In response to questions, the PBOC referred Reuters to Guan Tao, a former senior official with China’s foreign exchange regulator.
Guan said that the PBOC’s use of the foreign exchange reserve requirement ratio, a tool that it has used little in the past, “shows that the PBOC still has many tools in its toolbox and that it has a great freedom of choice. In the future, if speculative trading appears in the forex market, it has a steady supply of macro-prudential tools. “
The announcement came after the yuan hit a three-year high against the dollar, and follows a string of warnings from Chinese authorities against speculative bets on the currency.
Guan joined many current and former officials on Monday warning against one-way bets on the yuan, which saw a two-month rise against the dollar. In a commentary published in the China Securities Official Journal, he warned of herding behavior that could harm market order and weigh on Chinese exporters.
Guan’s comments echoed those of a former central bank official, who said over the weekend that the yuan’s rise is unsustainable, and follows a warning from the Financial News, backed by the central bank. Regulators said last week they would crack down on foreign exchange manipulation, while leaving monetary policy unchanged.
A robust economic recovery and capital inflows put the yuan on track to record its biggest monthly gain against the dollar since August, with traders interpreting the PBOC’s daily midpoint fixings as indicating implied approval of a strong yuan.
On Monday, it took the yuan midpoint to its highest level since May 17, 2018. The spot yuan can trade at 2% either side of the daily fixing.

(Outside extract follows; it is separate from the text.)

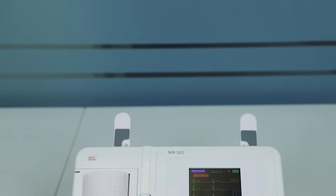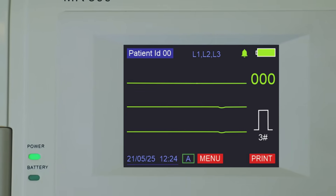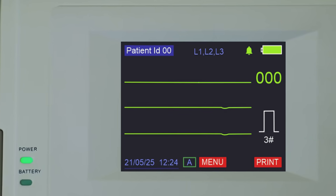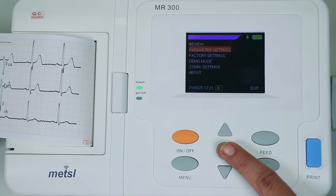Now, let's take a closer look at the device itself. Observe the crisp LCD screen, which provides clear real-time waveforms and data. Below it, you'll find the thoughtfully arranged, intuitive buttons for easy navigation and control.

The firmer fixation also pushed the trade-weighted yuan basket index to 98.22, its highest since March 29, 2016. Market participants widely viewed the 98 mark as the basket cap because levels above this level are seen as a loss of competitive advantage. for China against its trading partners.
The spot yuan ended its domestic session at 6.3607 per dollar, its strongest close since May 15, 2018.
The offshore yuan strengthened to a high of 6.3526 to the dollar, also a three-year high, but weakened after the announcement of reserve requirements. It last traded at 6.3700.
The chief trader of a foreign bank in Shanghai said the yuan could face resistance as foreign companies buy dollars to make upcoming dividend payments.
“Some had bought dollars in the middle of the month, but those flows are not over yet,” he said.
But few people expect a significant change in the structural factors driving the yuan’s rise, including strong inflows as the economy recovers. Chinese factory activity continued to expand in May, despite soaring commodity prices that weighed on small businesses and export-oriented businesses.
Last week, increased foreign interest led to record inflows of Chinese A-shares through the Stock Connect program linking the mainland to Hong Kong.
The main Chinese stock indexes slipped on Monday, but posted their best monthly gain in six months. Flows to Chinese bonds also held up.
Iris Pang, chief economist for China at ING in Hong Kong, said in a note that yuan uncertainty presents a headache for companies, but the PBOC’s warnings on volatility should not be ignored .
“We believe the PBOC is experimenting with the volatility the market can handle and how the behavior of market participants can move the yuan,” Pang told Reuters.